I was baptized Catholic and attended religious instruction in order to receive Holy Communion and Confirmation. Aside from that, I attended church when I wished. Usually around the holidays. I loved getting Palms on Palm Sunday. Religious holidays in my family were observed through food and family dinners. On Christmas Eve we always ate fish, on Easter Sunday lasagna. My family’s Catholicism was far more cultural than religious. I still give up my favorite food for Lent but I don’t feel the need to attend mass on Sunday and receive ashes on Ash Wednesday.
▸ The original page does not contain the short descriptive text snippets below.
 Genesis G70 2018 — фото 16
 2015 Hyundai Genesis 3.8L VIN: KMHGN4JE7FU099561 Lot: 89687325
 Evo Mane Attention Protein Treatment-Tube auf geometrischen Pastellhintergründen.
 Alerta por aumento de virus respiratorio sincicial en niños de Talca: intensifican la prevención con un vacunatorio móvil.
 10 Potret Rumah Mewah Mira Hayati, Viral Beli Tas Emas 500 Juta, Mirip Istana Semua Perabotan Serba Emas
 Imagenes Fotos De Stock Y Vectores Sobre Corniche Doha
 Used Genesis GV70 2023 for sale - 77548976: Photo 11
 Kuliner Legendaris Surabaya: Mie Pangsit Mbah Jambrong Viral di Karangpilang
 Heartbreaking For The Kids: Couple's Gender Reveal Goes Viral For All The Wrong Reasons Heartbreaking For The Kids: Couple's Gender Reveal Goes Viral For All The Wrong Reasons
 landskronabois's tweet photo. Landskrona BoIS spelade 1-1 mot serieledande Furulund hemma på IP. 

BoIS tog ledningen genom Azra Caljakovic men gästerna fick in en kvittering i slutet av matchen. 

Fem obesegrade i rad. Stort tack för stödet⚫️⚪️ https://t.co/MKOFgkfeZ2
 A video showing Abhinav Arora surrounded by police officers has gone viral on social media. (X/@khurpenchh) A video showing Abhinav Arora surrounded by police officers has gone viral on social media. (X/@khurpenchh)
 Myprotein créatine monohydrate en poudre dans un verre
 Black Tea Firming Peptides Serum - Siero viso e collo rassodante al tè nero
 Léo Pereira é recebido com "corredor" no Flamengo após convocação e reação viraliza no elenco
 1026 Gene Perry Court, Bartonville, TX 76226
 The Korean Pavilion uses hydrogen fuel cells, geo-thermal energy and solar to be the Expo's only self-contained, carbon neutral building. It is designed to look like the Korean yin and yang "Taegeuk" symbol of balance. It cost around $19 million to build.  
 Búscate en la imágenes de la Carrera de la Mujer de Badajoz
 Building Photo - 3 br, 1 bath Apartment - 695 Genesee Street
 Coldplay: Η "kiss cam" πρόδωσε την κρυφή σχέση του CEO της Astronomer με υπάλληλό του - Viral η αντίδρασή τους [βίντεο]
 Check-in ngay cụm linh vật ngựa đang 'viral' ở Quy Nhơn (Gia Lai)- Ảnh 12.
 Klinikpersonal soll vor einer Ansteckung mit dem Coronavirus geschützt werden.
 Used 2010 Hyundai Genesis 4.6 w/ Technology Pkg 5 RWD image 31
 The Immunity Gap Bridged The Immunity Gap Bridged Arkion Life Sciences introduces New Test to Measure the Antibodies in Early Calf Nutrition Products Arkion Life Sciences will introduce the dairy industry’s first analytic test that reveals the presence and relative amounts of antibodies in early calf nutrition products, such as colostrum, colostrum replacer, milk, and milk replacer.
What I’ve come to realize is that my religious faith is eclectic. I believe in the Saints but I also believe in reincarnation. Gospel music makes me feel I must somehow be a Baptist. I’m fascinated by Buddhism and try to live my life following the Eightfold Path. I love the idea of atoning for one’s sins during the Jewish High Holy Days. During these days, I sometimes wish I needed to be home by sunset. Greek Easter is one of my favorite holidays. On several occasions, I’ve waited outside a local Greek Orthodox Church in Astoria, late at night to watch hundreds of people walk through the streets in a candle light procession. I feel choked up as I observe families and friends across generations greet each other, holding their candles and kissing cheeks.
Recently, while sitting in my car on Amsterdam Avenue, I watched a Muslim taxi driver pull over, roll out a mat, take off his shoes, kneel and pray. I wanted to kneel and pray with him. It struck me how much we all need to pray right now.
My husband refers to my religious faith as a “Chinese Menu.” Referring to the old fashioned menus where people selected one from “column A” and one from “column B” and everything was served with soup and ice cream in order to make a complete meal. I don’t see it that way.
In my version of Catholicism, Heaven can exist without Hell. Women have the right to choose but capital punishment is unacceptable. The miracles of the Saints are without question. I can believe and hope for reincarnation, find solace in hearing Baptist Preachers and understand the Eightfold Path will lead to world peace.
I believe that there are probably many more interfaith believers that don’t claim to have all the answers, instead they follow their hearts and have faith in their own spiritual interpretations.